Terlebih, dia menilai, menggarap sawah lebih banyak kesulitannya. Dia menyebutkan, panennya terakhir tidak maksimal, karena adanya hama wereng. Produksi padi yang seharusnya bisa mencapai 5 ton, malah turun menjadi 4 ton. Selain itu, persoalan pupuk pun seolah menjadi kendala yang tak kunjung selesai.
Dia menuturkan, setiap waktunya petani membutuhkan pupuk, persediaan pupuk malah tidak ada. Bilapun ada, harganya sangat mahal. "Jadi, lebih baik menyediakan tanah.

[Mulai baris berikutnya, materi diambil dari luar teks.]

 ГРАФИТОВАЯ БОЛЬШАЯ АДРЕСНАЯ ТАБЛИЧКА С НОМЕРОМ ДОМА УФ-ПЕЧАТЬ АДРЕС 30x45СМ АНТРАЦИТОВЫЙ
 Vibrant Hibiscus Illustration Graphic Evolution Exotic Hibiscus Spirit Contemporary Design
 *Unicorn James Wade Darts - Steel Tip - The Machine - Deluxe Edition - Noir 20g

Barangkali masyarakat ada yang berminat membuat rumah," katanya.
Dalam perspektif Saifudin, merubah lahan sawah garapannya menjadi lahan pemukiman tentu sah-sah saja. Toh, itu merupakan propertinya. Terlebih, berdasarkan pengakuannya, menggarap sawah selama ini tidak begitu menguntungkan, dan terlalu banyak hambatannya.
Apa yang dilakukan Saifudin merupakan satu contoh kecil saja. Tidak tertutup kemungkinan, banyak petani-petani lainnya yang berpikir, merasa, dan bertindak seperti Saifudin.

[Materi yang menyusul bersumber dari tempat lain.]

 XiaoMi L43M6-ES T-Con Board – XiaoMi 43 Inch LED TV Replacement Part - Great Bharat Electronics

Dalam satu titik, perspektif petani seperti Saifudin tampak bagaikan sebuah satire bila dibandingkan dengan kondisi Indramayu yang saat ini digadang-gadang sebagai kawasan lumbung padi nasional. Dalam pidato hari jadi Kabupaten Indramayu belum lama ini, Bupati Anna Sophanah mengatakan, akan berupaya mendukung Indramayu sebagai sebuah daerah agraris, dimana sebagian besar mata pencaharian penduduknya adalah petani.
Persediaan beras yang selalu mengalami surplus, menurutnya, telah membuat Indramayu ditetapkan sebagai daerah lumbung padi nasional, dan konsekuensinya, lahan-lahan di Kabupaten Indramayu tidak diperkenankan banyak lokasi industrinya. Menurutnya, Pemkab Indramayu akan berusaha untuk menjaga alih fungsi lahan tidak berlangsung secara massif.
Akan tetapi, persoalan alih fungsi lahan sesungguhnya cukup kompleks. Persoalan itu bukan sekadar bagaimana pengusaha luar daerah yang kebanyakan uang membeli lahan dengan harga semurah mungkin. Namun juga menyentuh persoalan kesejahteraan petani itu sendiri.
Laju alih fungsi lahan mungkin bisa sedikit direm bila akses petani terhadap pupuk dipermudah. Begitu juga akses terhadap pestisida ketika hama wereng mulai mengganggu. Begitu juga akses terhadap infrastruktur seperti irigasi. Begitu juga dalam hal pendapatan dari hasil produksi padi yang bisa dibuat sedemikian rupa, sehingga menguntungkan petani. Bila hal-hal seperti itu bisa diatasi dan kesejahteraan petani direalisasikan, mungkin tidak terpikirkan oleh para petani untuk mengalihfungsikan lahannya.
Upaya utama untuk mengatasi hambatan produksi padi, infrastruktur pertanian, dan kesejahteraan petani adalah melalui politik anggaran. Namun sayangnya, anggaran sektor pertanian di Kabupaten Indramayu, daerah lumbung padi nasional, saat ini belum menjadi prioritas. Dalam RAPBD 2015 Kabupaten Indramayu, anggaran untuk Dinas Pertanian dan Peternakan adalah Rp 12.969.247.000. Jauh lebih kecil dari Dinas Bina Marga Rp 220.700.000.000, dan Dinas Kesehatan Rp 162.065.813.000.